EXERCISE » Output every entry exactly as written, skipping any pictures.
(Beginning of EXERCISE MATERIALS)
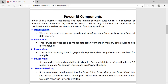The first component is Power Query. We can use Power Query to access and load data from different sources, clean the data, and transform the data. The next one is Power Pivot, which we can use for data modeling.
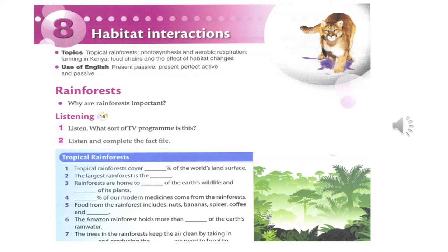Tropical rainforests cover about 8% of the world's land surface. The largest of the tropical rainforests is the Amazon. There are rainforest areas in nine countries in South America. Why are tropical rainforests so important for life on Earth?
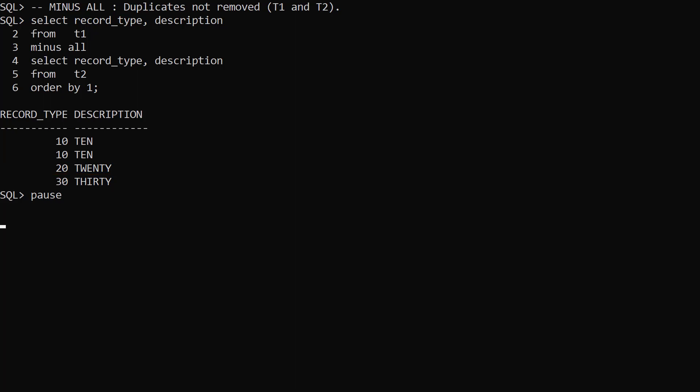We had duplicates in T1 for all three record types, but only a single row for record types 20 and 30 in T2. As a result, the MinusAll only removed a single row for record types 20 and 30 from our final result set.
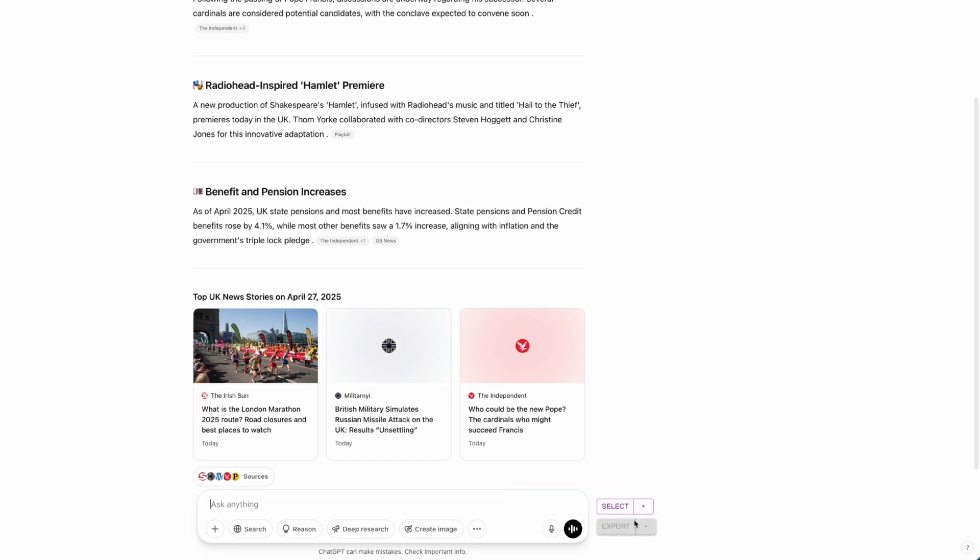Once you refresh, what you will now notice is that there are two buttons in the bottom right-hand corner. You can click on the dropdown menu for Select. You can click on All, Questions, or Answers. For this video, I will click on All. You want to go down to Export, click on the dropdown menu.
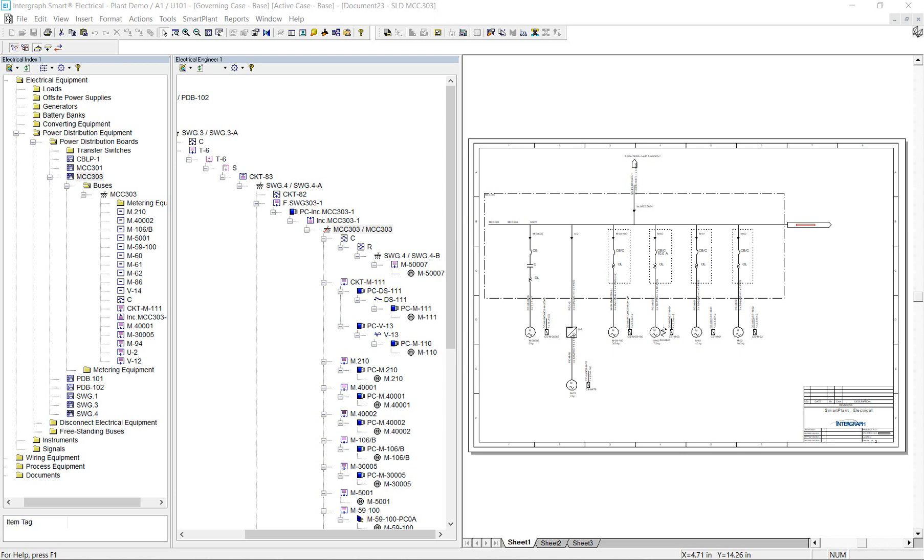Hello. In this video, I will demonstrate a mechanism that allows Integraff Smart Electrical to automatically generate a single-line diagram depicting the design of a motor control center.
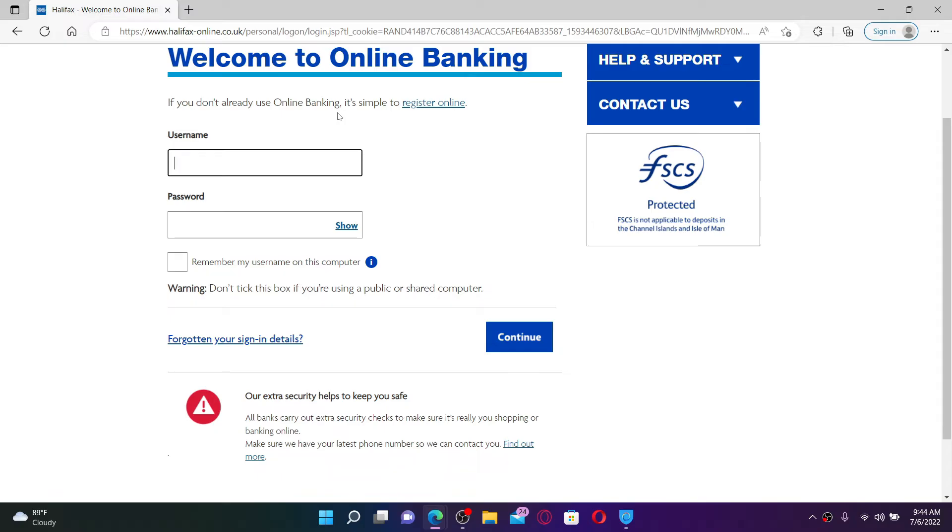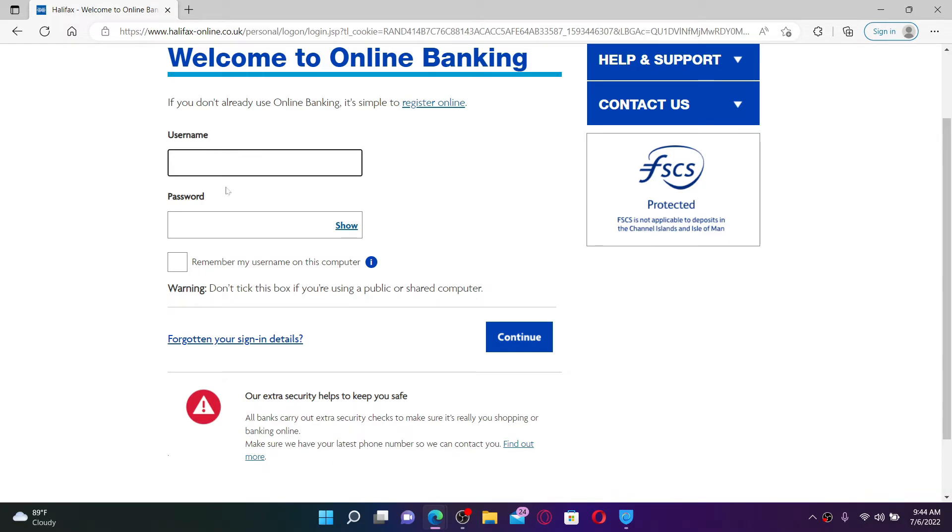Once you have an account, you can easily get access to it by entering your username and password in the sign in area.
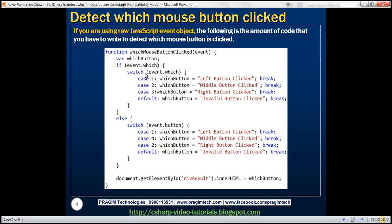That block of code is for IE9 and later, or any other modern browser. If the browser does not support the which property, then we know it is IE8 or earlier. In that case it goes to the else part, where we switch on the button property of the event object. That button property returns one of three values — one for left, four for middle, two for right — with a default case for invalid button clicked. Finally, we find the div element by its ID div-result and use the innerHTML property to display the value within that div element.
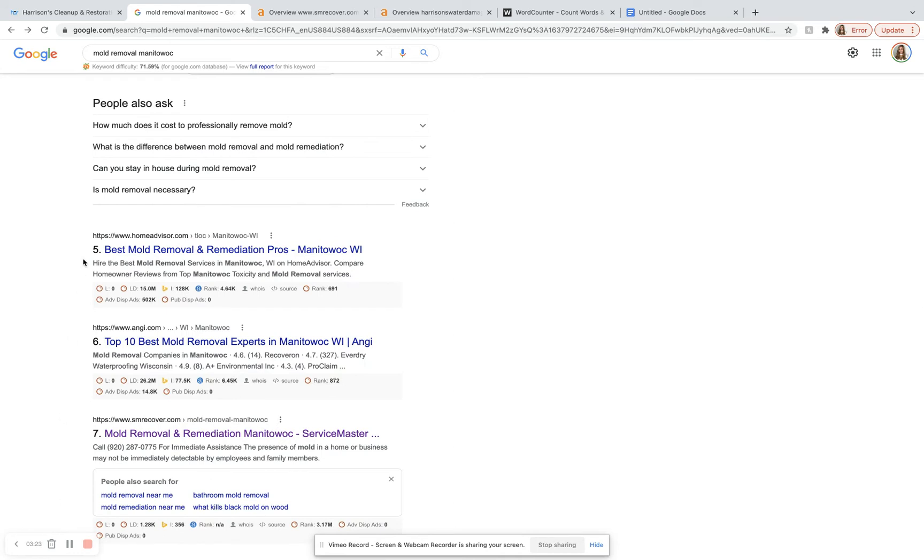And so beneath that, we have our organic search results right here. This is a really good place to be. This is the number one place you want to be. And that is because Google has said that over 70% of people, when they type something in,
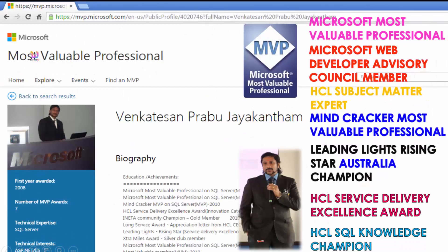My name is Venkaj. I am a Microsoft Most Valuable Professional. I am a certified and recognized expert on cloud from microsoft.com.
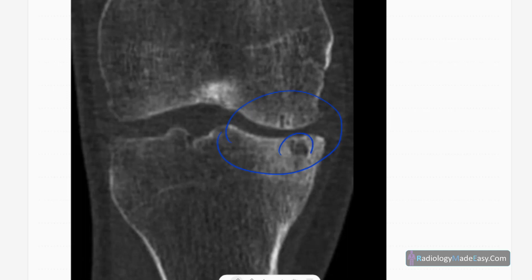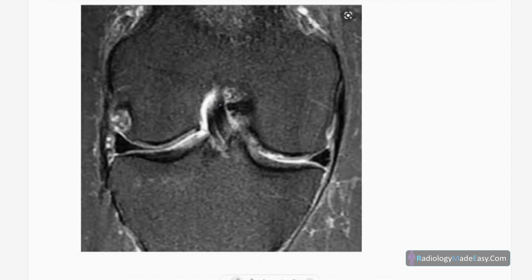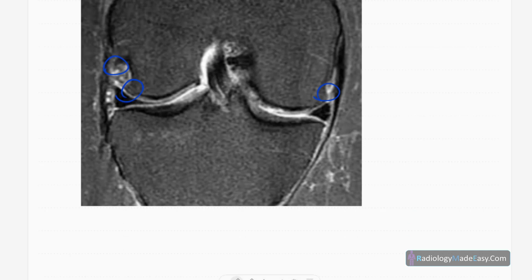Now let's look at the MRIs. These are proton density images showing early disease with osteophyte formation. On the proton density fat suppression image, you can see osteophyte formation and subchondral sclerosis with low signal areas subchondrally. On another proton density fat suppression image, osteophyte formations are seen and the joint space is relatively preserved — mainly osteophyte formation is the dominant finding.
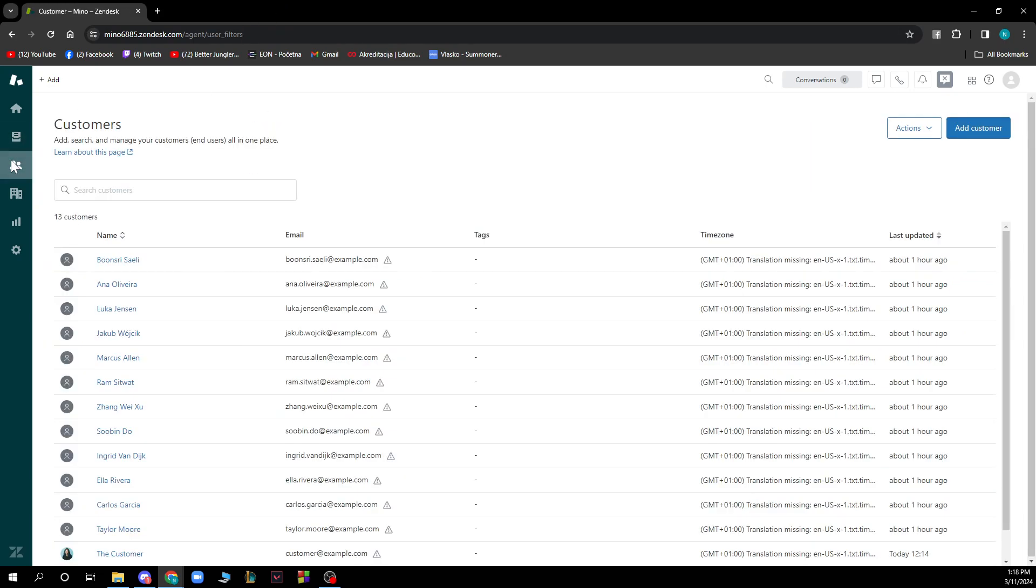Also in the customers sector we have all of your customers and information about them. So your email, your name and time zones and all of those things.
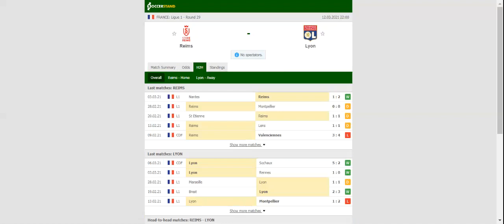All eyes will be on Stade Auguste-Delaune when Reims and Olympique Lyon take on each other on Friday evening. Reims desperately needed a win against Nance and they managed to get one, with the team putting an end to their five-game winless run.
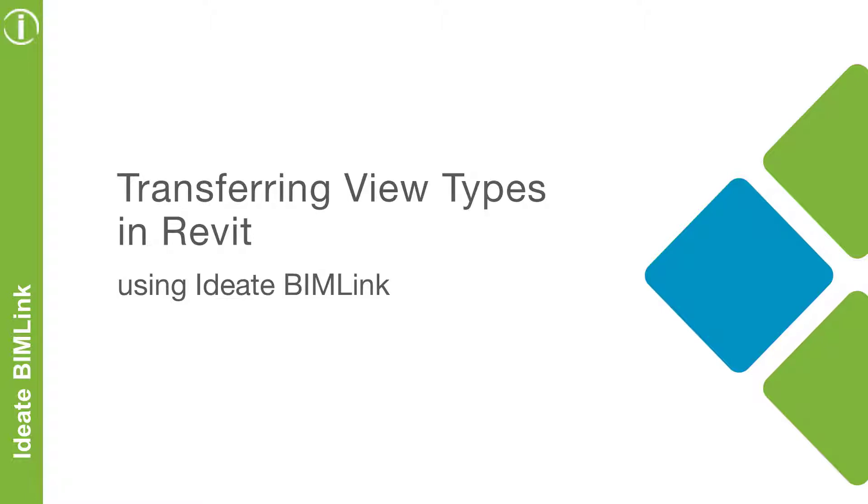In this video, we will focus on how you can use IDEA BIMLINK to easily copy view types from one project to another to bring your projects and standards into alignment.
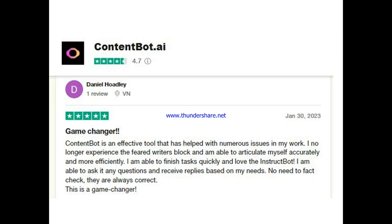Now let's hear from other active users. This is Daniel. He said it's a game changer. Content Bot is an effective tool that has helped with numerous issues in his work. He no longer experiences writer's block and is able to articulate himself accurately and more efficiently. He said he's able to finish tasks quickly, loves the instruct bot, can ask it any questions and receive replies based on his needs, and the answers are always correct. He said: game changer.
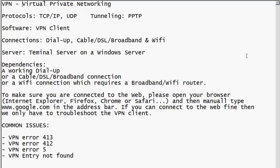Hello, this tutorial is about VPN — virtual private networking. Virtual private networking is pretty self-explanatory: it creates a virtual private network for those who want to access a secure network from the field, from home, from a hotel if they're traveling, and they can actually log into their corporate network or any other network all over the world that provides VPN capability.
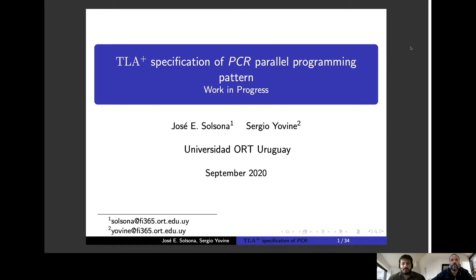Hello, welcome to our presentation on TLA Plus Specification of PCR Parallel Programming Pattern. This is a work in progress. My name is Sergio Xovine and I will be presenting this work together with José Solzón. We are both affiliated with Universidad Uruguay.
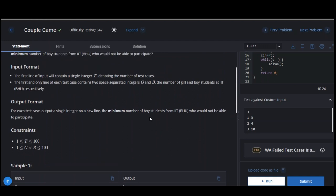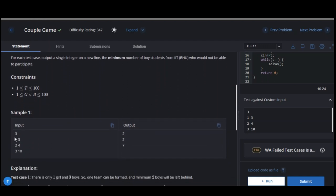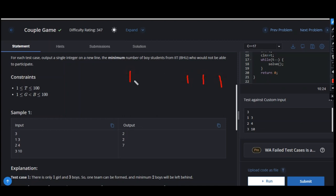So this is the test case: one and three. There is one girl and three boys. So what will be the answer? One girl maps to one boy — so this one girl can map only to one boy. These two boys will be remaining, so the answer will be two.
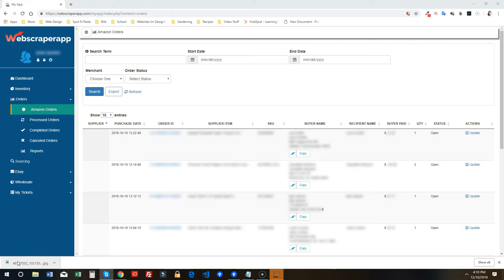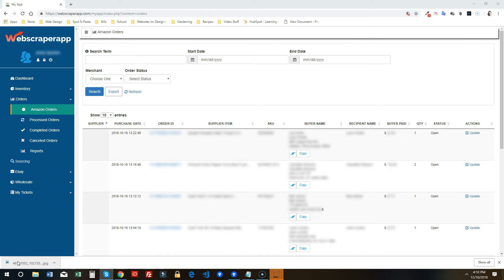Hey everyone, I am so excited to tell you about our newest integration with Web Scraper App. This is a long overdue integration and we are so excited to be able to get it released to all of you so that you can speed up your order fulfillment process.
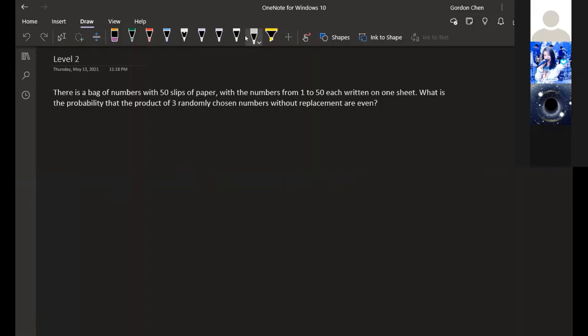For the next level, there is a bag with 50 slips of paper with the numbers 1 through 50 written on each sheet. We want to find the probability that the product of three randomly chosen numbers is even. What we can do is complementary counting.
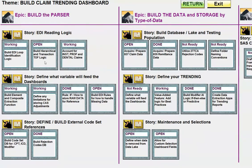That's the first epic we're looking at — building the parser. The first step is reading in the EDI, then extracting the data and building or at least defining the data sets. This next epic goes over building the actual data — the storage and the type of data that you're going to store.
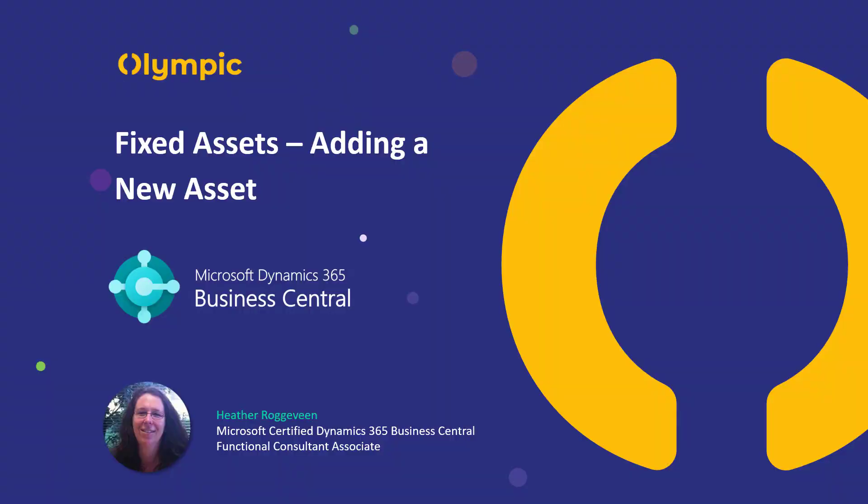This video is going to show you how to add a new asset inside Business Central. There's an assumption that you have recorded the purchase of the assets to a clearing account in the general ledger, and we're going to use a journal process to add those into the fixed assets subledger.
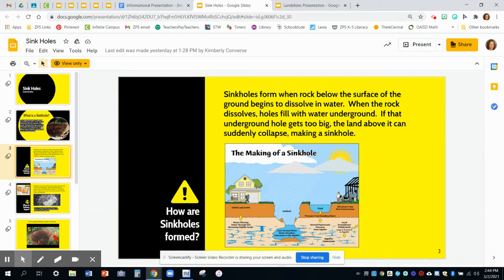How are sinkholes formed? We just read that in the topic sentence. Sinkholes form when rock below the surface of the ground begins to dissolve in water. When the rock dissolves, holes fill with water underground. If that underground hole gets too big, the land above it can suddenly collapse, making a sinkhole. They've got a nice title for this slide, and then they've got not only words describing, but a really good graphic — a nice picture that shows exactly what they're explaining. Lots of water under here, a hole is forming, and when it gets too much water, the land above it can collapse, which makes a sinkhole.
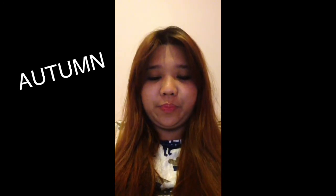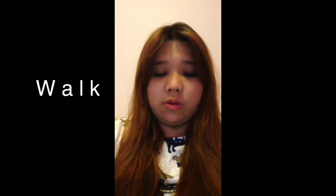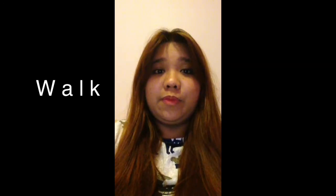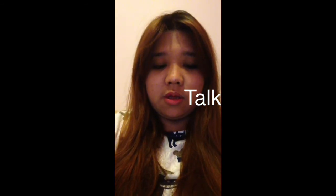Okay, let's start. Pull. Pull. Autumn. Autumn. Awful. Awful. Flawless. Flawless. Call. Call. Walk. Walk. Talk. Talk. Thought. Thought.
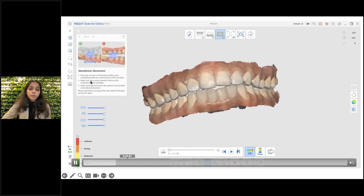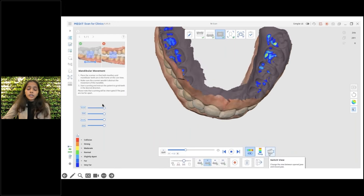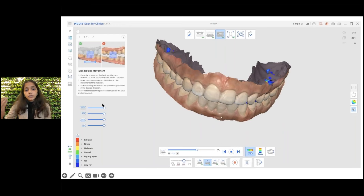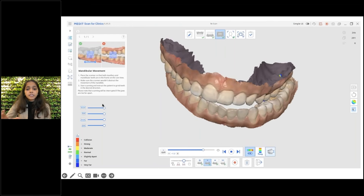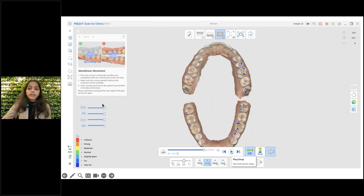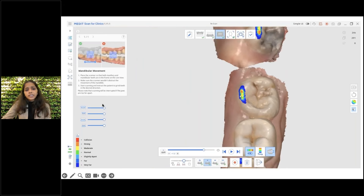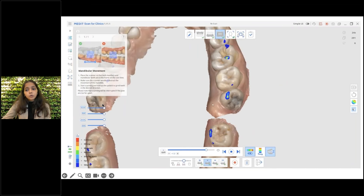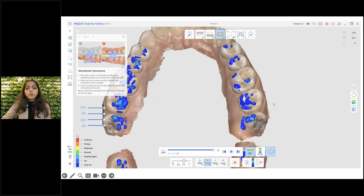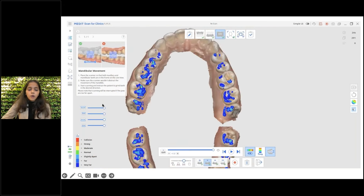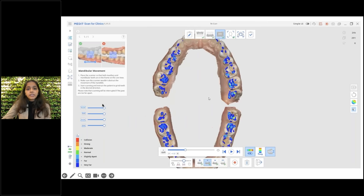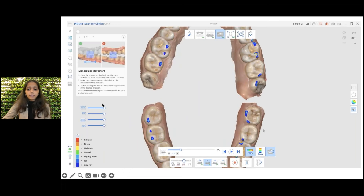Once you record that, you can check the deviation in the occlusal map. In the occlusal map you get different colors: blue indicates there is no contact between the arches; red, green, and yellow indicate various contacts at different measurements — the values are already indicated in the occlusal map. The mandibular movement tool will only be enabled once you have recorded the maxillary and mandibular data with the first and second bite aligned with each other.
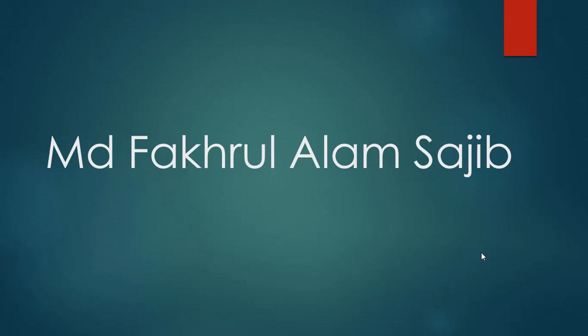Hello everyone, this is Md Fakhrul Alam Sajib. Today I will talk to you about the difference between static and dynamic response. Before that, I request you to subscribe to my channel and provide your valuable comment.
(End of EXERCISE MATERIALS)
SOLUTION FOR THIS TASK »
The first component is Power Query. We can use Power Query to access and load data from different sources, clean the data, and transform the data. The next one is Power Pivot, which we can use for data modeling.
Tropical rainforests cover about 8% of the world's land surface. The largest of the tropical rainforests is the Amazon. There are rainforest areas in nine countries in South America. Why are tropical rainforests so important for life on Earth?
We had duplicates in T1 for all three record types, but only a single row for record types 20 and 30 in T2. As a result, the MinusAll only removed a single row for record types 20 and 30 from our final result set.
Once you refresh, what you will now notice is that there are two buttons in the bottom right-hand corner. You can click on the dropdown menu for Select. You can click on All, Questions, or Answers. For this video, I will click on All. You want to go down to Export, click on the dropdown menu.
Hello. In this video, I will demonstrate a mechanism that allows Integraff Smart Electrical to automatically generate a single-line diagram depicting the design of a motor control center.
Once you have an account, you can easily get access to it by entering your username and password in the sign in area.
That block of code is for IE9 and later, or any other modern browser. If the browser does not support the which property, then we know it is IE8 or earlier. In that case it goes to the else part, where we switch on the button property of the event object. That button property returns one of three values — one for left, four for middle, two for right — with a default case for invalid button clicked. Finally, we find the div element by its ID div-result and use the innerHTML property to display the value within that div element.
And so beneath that, we have our organic search results right here. This is a really good place to be. This is the number one place you want to be. And that is because Google has said that over 70% of people, when they type something in,
My name is Venkaj. I am a Microsoft Most Valuable Professional. I am a certified and recognized expert on cloud from microsoft.com.
Now let's look at the MRIs. These are proton density images showing early disease with osteophyte formation. On the proton density fat suppression image, you can see osteophyte formation and subchondral sclerosis with low signal areas subchondrally. On another proton density fat suppression image, osteophyte formations are seen and the joint space is relatively preserved — mainly osteophyte formation is the dominant finding.
Also in the customers sector we have all of your customers and information about them. So your email, your name and time zones and all of those things.
All eyes will be on Stade Auguste-Delaune when Reims and Olympique Lyon take on each other on Friday evening. Reims desperately needed a win against Nance and they managed to get one, with the team putting an end to their five-game winless run.
In this video, we will focus on how you can use IDEA BIMLINK to easily copy view types from one project to another to bring your projects and standards into alignment.
Now let's hear from other active users. This is Daniel. He said it's a game changer. Content Bot is an effective tool that has helped with numerous issues in his work. He no longer experiences writer's block and is able to articulate himself accurately and more efficiently. He said he's able to finish tasks quickly, loves the instruct bot, can ask it any questions and receive replies based on his needs, and the answers are always correct. He said: game changer.
Hello, this tutorial is about VPN — virtual private networking. Virtual private networking is pretty self-explanatory: it creates a virtual private network for those who want to access a secure network from the field, from home, from a hotel if they're traveling, and they can actually log into their corporate network or any other network all over the world that provides VPN capability.
Hello, welcome to our presentation on TLA Plus Specification of PCR Parallel Programming Pattern. This is a work in progress. My name is Sergio Xovine and I will be presenting this work together with José Solzón. We are both affiliated with Universidad Uruguay.
So this is the test case: one and three. There is one girl and three boys. So what will be the answer? One girl maps to one boy — so this one girl can map only to one boy. These two boys will be remaining, so the answer will be two.
Hey everyone, I am so excited to tell you about our newest integration with Web Scraper App. This is a long overdue integration and we are so excited to be able to get it released to all of you so that you can speed up your order fulfillment process.
For the next level, there is a bag with 50 slips of paper with the numbers 1 through 50 written on each sheet. We want to find the probability that the product of three randomly chosen numbers is even. What we can do is complementary counting.
That's the first epic we're looking at — building the parser. The first step is reading in the EDI, then extracting the data and building or at least defining the data sets. This next epic goes over building the actual data — the storage and the type of data that you're going to store.
This video is going to show you how to add a new asset inside Business Central. There's an assumption that you have recorded the purchase of the assets to a clearing account in the general ledger, and we're going to use a journal process to add those into the fixed assets subledger.
How are sinkholes formed? We just read that in the topic sentence. Sinkholes form when rock below the surface of the ground begins to dissolve in water. When the rock dissolves, holes fill with water underground. If that underground hole gets too big, the land above it can suddenly collapse, making a sinkhole. They've got a nice title for this slide, and then they've got not only words describing, but a really good graphic — a nice picture that shows exactly what they're explaining. Lots of water under here, a hole is forming, and when it gets too much water, the land above it can collapse, which makes a sinkhole.
Okay, let's start. Pull. Pull. Autumn. Autumn. Awful. Awful. Flawless. Flawless. Call. Call. Walk. Walk. Talk. Talk. Thought. Thought.
Once you record that, you can check the deviation in the occlusal map. In the occlusal map you get different colors: blue indicates there is no contact between the arches; red, green, and yellow indicate various contacts at different measurements — the values are already indicated in the occlusal map. The mandibular movement tool will only be enabled once you have recorded the maxillary and mandibular data with the first and second bite aligned with each other.
Hello everyone, this is Md Fakhrul Alam Sajib. Today I will talk to you about the difference between static and dynamic response. Before that, I request you to subscribe to my channel and provide your valuable comment.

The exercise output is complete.